We remember fleecy skies and cool green hills in Robert Heinlein's Future History. Sometimes the future histories seem very close.

We also find that we have previously summarized some complicated information about the t'Kelan environment.

7 comments:

Anonymous said...

Kaor, Paul!

Thirty hour days would still be much easier for humans to cope with than the 60 hour days of Ivanhoe.

Ad astra! Sean

S.M. Stirling said...

Note that humans evolved near the equator, where days and nights don't differ much in length throughout the year. Then we spread into the northern and southern hemispheres, where they -do-.

Anonymous said...

Kaor, Mr. Stirling!

And that would affect our pre-human predecessors and their human successors in both practical and more subtle ways.

Ad astra! Sean

S.M. Stirling said...

Poul emphasized the -restrictiveness- of winter in Scandinavia many times. You have to hunker down, it's dark most of the time, and the weather is... to say the least... inclement.

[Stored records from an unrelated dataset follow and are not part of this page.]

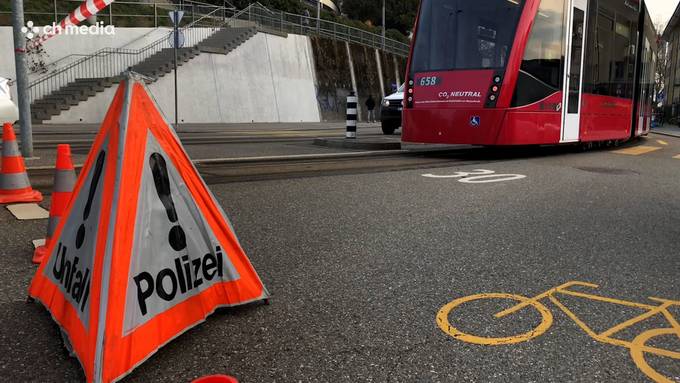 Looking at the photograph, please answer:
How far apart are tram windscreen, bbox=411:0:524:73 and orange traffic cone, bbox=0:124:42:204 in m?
7.06

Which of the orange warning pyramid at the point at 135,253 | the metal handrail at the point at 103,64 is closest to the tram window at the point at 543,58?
the orange warning pyramid at the point at 135,253

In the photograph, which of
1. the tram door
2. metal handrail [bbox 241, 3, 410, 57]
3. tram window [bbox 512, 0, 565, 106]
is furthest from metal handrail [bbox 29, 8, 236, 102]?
the tram door

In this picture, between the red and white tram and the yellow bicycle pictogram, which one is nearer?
the yellow bicycle pictogram

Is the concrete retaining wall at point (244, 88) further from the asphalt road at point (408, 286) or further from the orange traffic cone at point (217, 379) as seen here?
the orange traffic cone at point (217, 379)

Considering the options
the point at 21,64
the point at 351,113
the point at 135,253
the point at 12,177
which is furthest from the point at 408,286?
the point at 351,113

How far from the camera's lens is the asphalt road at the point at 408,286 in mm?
2184

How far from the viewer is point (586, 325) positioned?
259 centimetres

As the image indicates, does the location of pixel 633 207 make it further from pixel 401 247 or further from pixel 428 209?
pixel 401 247

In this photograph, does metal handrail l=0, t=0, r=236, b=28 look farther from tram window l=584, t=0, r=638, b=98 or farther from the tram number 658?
the tram number 658

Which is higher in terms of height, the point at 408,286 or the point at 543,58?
the point at 543,58

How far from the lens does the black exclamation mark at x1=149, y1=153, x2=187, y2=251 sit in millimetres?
2428

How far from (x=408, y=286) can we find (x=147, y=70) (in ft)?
78.7

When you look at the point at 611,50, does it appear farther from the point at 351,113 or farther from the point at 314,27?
the point at 314,27

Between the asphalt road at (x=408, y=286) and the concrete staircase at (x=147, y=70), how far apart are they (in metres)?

paulshackley2017@gmail.com said...

I am interested in Sweden because of Stieg Larsson. I think that I would enjoy hunkering down and would appreciate spring and summer all the more.

Jim Baerg said...

XC skis make winter in such climates a bit less restrictive. On skis one can go over the snow as fast as walking with no snow or faster if the trail is already broken since the last snowfall. There is still the short daylight to live with, but a (near) full moon mitigates that for several nights per month.
My experience is in the more southerly parts of Canada where winter solstice days are longer than in Scandinavia (just under 8 hours from sunrise to sunset here in Calgary), so the full moon is a bigger help in Scandinavia.

Anonymous said...

Kaor, Jim!

But I believe Stirling had in mind how harsh life was for people enduring Scandinavian winters in Anderson's stories. Heating must have often been inadequate and food supplies have often become dangerously low as winters dragged on. And day to day existence drab, limited, and not much more than hunkering down trying to stay warm.